Publié 31/01/2012 par François Bergeron

Vous vous souvenez de Tanguy (le film), ce garçon de 28 ans que ses parents n’arrivent pas à convaincre de quitter le nid familial et voler de ses propres ailes? Si rien n’est fait pour modifier le «contrat social» de façon à réduire l’endettement de nos gouvernements qui plombent nos économies, nous risquons de voir nos enfants rester indéfiniment à la maison.

C’est la plus saisissante des corrélations présentées mardi dernier au Club canadien de Toronto par l’économiste et stratège en chef de la Banque nationale, Stéfane Marion, qui se livrait à son exercice annuel de prévisions économiques.

Le Club canadien pouvait difficilement trouver mieux: dans son édition de fin d’année, le magazine Bloomberg Markets a identifié Stéfane Marion comme le meilleur prévisionniste canadien!

Si M. Marion ne nous apprend rien en nous disant que la zone euro est en péril et que l’économie américaine n’est pas sortie du bois, en revanche il illustre la situation de nombreux commentaires pertinents et de graphiques édifiants – dont celui associant la faillite probable de certains pays au nombre de jeunes hommes habitant encore chez leurs parents.
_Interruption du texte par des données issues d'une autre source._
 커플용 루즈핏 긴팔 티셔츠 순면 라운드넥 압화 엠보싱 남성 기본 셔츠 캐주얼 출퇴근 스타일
En Grèce, pour prendre l’exemple le plus extrême, ce pays dont la «probabilité implicite de défaut souverain» est de 100% (c’est-à-dire qu’on est certain que la Grèce ne pourra pas rembourser ses dettes) est aussi le pays où plus de 60% des hommes de 18 à 34 ans habitent encore chez leurs parents.

Publicité

On retrouve aussi un grand nombre de «Tanguy» au Portugal, en Italie, en Irlande et en Espagne: les quatre autres pays européens qui donnent le plus de sueurs froides à leurs créanciers.

Programmes sociaux

Ce pourcentage malsain de «Tanguy» est évidemment un symptôme des difficultés économiques que connaissent ces pays, caractérisés aussi par un chômage élevé chez les jeunes (plus de 40% chez les 15 à 24 ans en Espagne, autour de 30% en Grèce, en Irlande et en Italie).

Autre coïncidence qui n’en est pas une: ce sont souvent ces pays qui offrent les programmes sociaux les plus généreux, quoiqu’à respectivement 28% et 25%, la France et l’Allemagne consacrent un plus grand pourcentage de leur PIB aux programmes sociaux que l’Italie (24%), le Portugal (22%), l’Espagne (21%) et la Grèce (21%). L’exception ici est l’Irlande à 16%, comme le Canada.
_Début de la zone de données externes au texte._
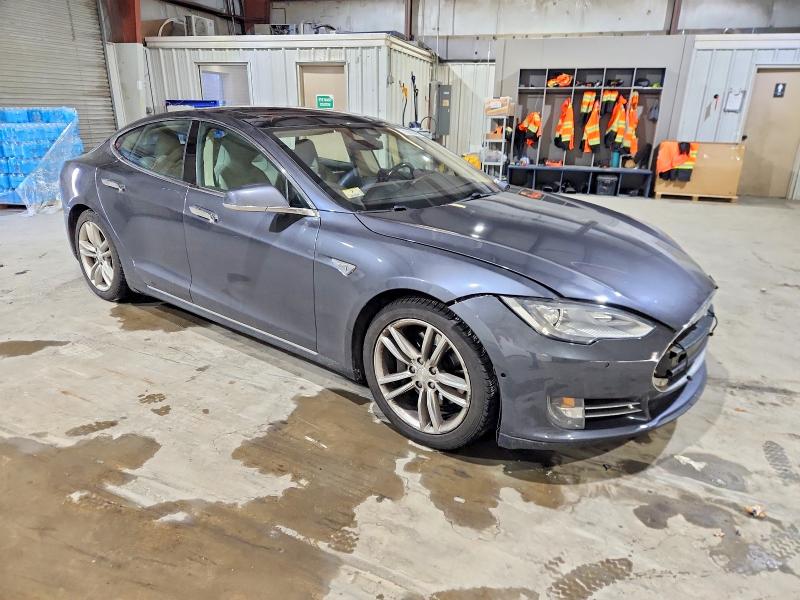 Photo 4 from auction – 2015 TESLA MODEL S 85 with VIN 5YJSA1H28FF094284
La Grèce, l’Espagne, l’Italie, le Portugal et la France – dans cet ordre – offrent aussi les systèmes de retraite les plus généreux, garantissant plus de 50% (près de 100% dans le cas de la Grèce) de leur ancien salaire aux retraités… qui le deviennent parfois dès l’âge de 55 ans!

Le défi, ici, selon M. Marion, est «d’indexer les pensions au vieillissement de la population», c’est-à-dire de réduire les montants payés chaque année si on veut continuer de les payer aussi longtemps.

Publicité

Dettes souveraines

Signe des temps: dans la salle de l’hôtel Royal York adjacente à celle du Club canadien où s’exprimait Stéfane Marion mardi dernier, le premier ministre de l’Ontario, Dalton McGuinty, s’adressait au Canadian Club pour confirmer, justement, la volonté de son gouvernement de prendre des mesures pour ralentir le rythme de croissance de ses dépenses afin d’équilibrer le budget provincial, comme prévu, en 2018.
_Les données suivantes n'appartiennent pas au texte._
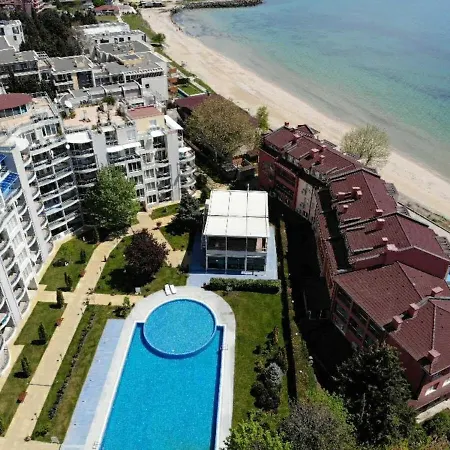 Апартаменты Oazis Sea View *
«Tous les pays dont la dette dépasse 80% du PIB sont surveillés de près par les marchés financiers», indique Stéfane Marion. Cela inclut la Grèce (165%), le Japon (131%), le Portugal (101%), l’Italie (100%) et la France (81%).

Dans ce tableau conservateur (car d’autres méthodes de calcul tiennent compte de futures obligations et donnent des dettes souveraines plus élevées), la dette canadienne, tous paliers de gouvernement confondus, ne représente que 35% de notre PIB.

M. Marion s’empresse de disculper les banques «too big to fail» de toute responsabilité dans cette sale affaire, insinuant qu’elles sont victimes de l’étourderie des gouvernements qui ont vécu trop longtemps au-dessus de leurs moyens.

Une grande partie des fameuses dettes souveraines est en effet détenue par les banques nationales ou celles des voisins.

Publicité

Les banques britanniques et italiennes, notamment, détiennent une forte proportion de dettes souveraines (elles ont surtout prêté à leur propre gouvernement), alors que les banques canadiennes et américaines sont les moins exposées aux défauts de paiement des États.

«On nous a assuré pendant des années que les dettes souveraines étaient garanties, et soudain ce n’est plus le cas», déplore-t-il.

Emploi et logement

En 2012, selon Stéfane Marion, la croissance économique mondiale pourrait s’établir à 3%. Malheureusement pour nous, cela sera surtout le fait des pays «émergents», principalement asiatiques, dont la production industrielle dépasse maintenant celles de l’Europe et des États-Unis combinées.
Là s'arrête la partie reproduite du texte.